Personal information
- Full name: Maria Krogh Holm
- Born: 17 October 2001 (age 24) Horsens, Denmark
- Nationality: Danish
- Height: 1.73 m (5 ft 8 in)
- Playing position: Right back

Club information
- Current club: Silkeborg-Voel KFUM
- Number: 4

Youth career
- Years: Team
- 2018-2021: HH Elite

Senior clubs
- Years: Team
- 2020–2023: HH Elite
- 2023–: Silkeborg-Voel KFUM

National team ^{1}
- Years: Team / Apps / (Gls)
- 2019–: Denmark Beach / 25 / (165)

Medal record
Women's beach handball
World Championships
| Silver medal – second place | 2026 Croatia |  |
World Beach Games
| Gold medal – first place | 2019 Qatar | Team |

= Maria Holm (handballer) =

Danish handball player (born 2001)

Maria Krogh Holm (born 17 October 2001) is Danish handball player, who plays for Silkeborg-Voel KFUM in the top Danish division, Damehåndboldligaen.

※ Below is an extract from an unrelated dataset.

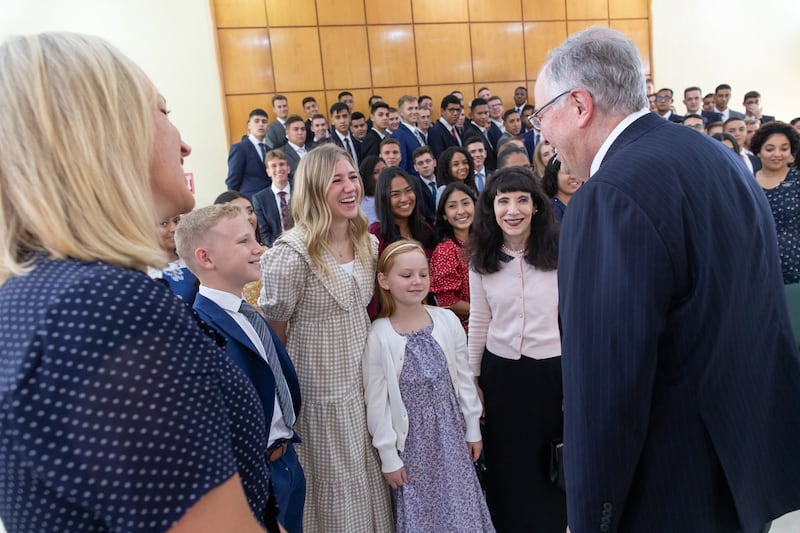 Élder Neil L. Andersen, à direita, e sua esposa, a irmã Kathy Andersen, cumprimentam os filhos do presidente Mark D. Crane e da sister Cosette Crane, à esquerda, líderes da Missão Brasil Recife Sul, antes de uma reunião com duas missões na manhã de sábado, 4 de março, em Recife, Brasil.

She also represent the Denmark women's national beach handball team.

== Career ==
=== Beach handball ===
Outside of indoor handball she has also featured on the Danish beach handball national team. In 2019 were part of the Danish team, who won the 2019 World Beach Games in Doha. She also participated at the 2024 Women's Beach Handball World Championships at Pingtan Island and the 2025 European Beach Handball Championship in Alanya.

=== Indoor handball ===
On 25 February 2023, she signed a two-year contract with Silkeborg-Voel KFUM. She previously played her youth and first senior years in HH Elite. In her final season of 2022/23, she scored 133 goals in 29 matches.

In her first season in Silkeborg-Voel KFUM, Holm was the leading topscorer for the team by the end of the 2023/24 season with 101 goals. In February 2025, she extended her contract further one season.